No perfect strategy has been established to mitigate the risk of acute severe contrast media-induced hypersensitivity reactions. Only weak evidence supports pharmacological interventions including corticosteroids and/or antihistamines.2 For example, premedication often fails6 and can induce adverse effects such as corticosteroid-induced hyperglycaemia and indirectly contributed to prolonged hospitalisation.7 8 Purported risk factors for contrast media-induced reactions predict reactions of any severity; they do not specifically predict acute life-threatening reactions.2 9 Further, the comparative effectiveness of alternative preventive strategies involving pharmacological and non-pharmacological interventions has not been systematically evaluated.6–8 10–12 Although professional societies including the American College of Radiology (ACR) propose several premedication regimens,2 only one has been tested in a randomised design, and that study had methodological challenges.13 Premedication practice varies,14 15 which precludes a standardised comparative assessment among alternative pharmacological and non-pharmacological interventions.
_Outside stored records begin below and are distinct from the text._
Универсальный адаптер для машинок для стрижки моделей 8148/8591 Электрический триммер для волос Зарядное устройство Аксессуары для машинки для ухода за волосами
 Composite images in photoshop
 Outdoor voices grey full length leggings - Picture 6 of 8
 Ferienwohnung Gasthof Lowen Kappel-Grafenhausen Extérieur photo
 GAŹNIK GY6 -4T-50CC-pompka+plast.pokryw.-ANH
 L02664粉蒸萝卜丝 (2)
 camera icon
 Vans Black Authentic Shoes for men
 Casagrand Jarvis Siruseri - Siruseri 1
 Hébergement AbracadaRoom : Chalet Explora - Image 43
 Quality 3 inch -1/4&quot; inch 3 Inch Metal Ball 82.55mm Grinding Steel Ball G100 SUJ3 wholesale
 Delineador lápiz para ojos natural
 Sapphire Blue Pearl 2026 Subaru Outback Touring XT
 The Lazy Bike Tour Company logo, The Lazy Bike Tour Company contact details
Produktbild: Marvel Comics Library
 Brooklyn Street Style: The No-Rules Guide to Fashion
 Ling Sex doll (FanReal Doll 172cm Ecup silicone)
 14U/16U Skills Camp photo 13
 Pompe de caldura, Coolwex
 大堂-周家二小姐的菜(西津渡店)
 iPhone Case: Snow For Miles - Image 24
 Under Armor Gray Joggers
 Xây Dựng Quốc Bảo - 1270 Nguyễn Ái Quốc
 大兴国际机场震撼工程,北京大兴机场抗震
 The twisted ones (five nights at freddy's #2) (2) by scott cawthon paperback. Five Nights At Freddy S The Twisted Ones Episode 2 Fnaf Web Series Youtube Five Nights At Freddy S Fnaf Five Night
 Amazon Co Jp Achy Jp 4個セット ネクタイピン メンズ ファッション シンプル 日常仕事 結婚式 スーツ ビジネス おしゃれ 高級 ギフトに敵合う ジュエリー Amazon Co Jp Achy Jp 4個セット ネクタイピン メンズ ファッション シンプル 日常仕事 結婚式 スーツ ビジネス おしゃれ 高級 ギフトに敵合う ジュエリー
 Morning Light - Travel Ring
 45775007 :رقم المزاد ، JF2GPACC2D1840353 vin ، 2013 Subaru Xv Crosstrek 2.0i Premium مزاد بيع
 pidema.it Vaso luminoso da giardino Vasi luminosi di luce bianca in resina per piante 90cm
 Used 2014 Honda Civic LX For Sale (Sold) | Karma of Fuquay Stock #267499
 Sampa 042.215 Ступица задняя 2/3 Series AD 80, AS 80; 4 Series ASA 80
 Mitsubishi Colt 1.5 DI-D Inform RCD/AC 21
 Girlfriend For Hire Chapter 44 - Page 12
Given this uncertainty, the 2019 European Society of Urogenital Radiology (ESUR) Guideline on Contrast Agents indicates that ‘premedication is not recommended because there is not good evidence of its effectiveness (page 7, A1.1).’9

Since the publication of two systematic reviews in 2006 that evaluated the effectiveness of premedication regimens,16 17 several relevant studies of pharmacological and alternative, non-pharmacological strategies (eg, exchanging one contrast medium for an alternative) have been published and have influenced the ACR and ESUR guidelines.18 19 In addition, the two prior systematic reviews on this topic included pharmacological prophylaxis only in the context of now-outdated high-osmolality iodinated contrast media that are no longer used in clinical practice. Therefore, we planned a comprehensive quantitative synthesis of clinical data on the effects of pharmacological and non-pharmacological prophylactic strategies for the prevention of acute adverse reactions to non-ionic iodinated contrast media.

Methods and analysis

This systematic review protocol follows the Preferred Reporting Items for Systematic Review and Meta-Analysis Protocols 2015 statement.20 Based on the analytic framework shown in figure 1, we have formulated the following three key research questions and related subquestions:

Figure 1.

Figure 1

Analytic framework. CM, contrast media; KQ, key question.

Key question 1

What is the effect of interventions to reduce acute (<1 hour) hypersensitivity (type B) reactions in patients receiving contrast media?

  • Key question 1a: What is the preventive effect of guideline-recommended oral (12 or 13 hours), guideline-recommended accelerated intravenous (5–11 hours) or non-guideline emergent intravenous (<5 hours) premedication on acute (<1 hour) hypersensitivity reactions in patients receiving contrast media?

  • Key question 1b: What is the preventive effect of a change of contrast media alone on acute (<1 hour) hypersensitivity reactions in patients receiving contrast media?

  • Key question 1 c: What is the preventive effect of combining standard oral (12 or 13 hours) premedication and a change of contrast media on acute (<1 hour) hypersensitivity reactions in patients receiving contrast media?

  • Key question 1d: What is the preventive effect of other interventions (other than the above listed) on acute (<1 hour) hypersensitivity reactions?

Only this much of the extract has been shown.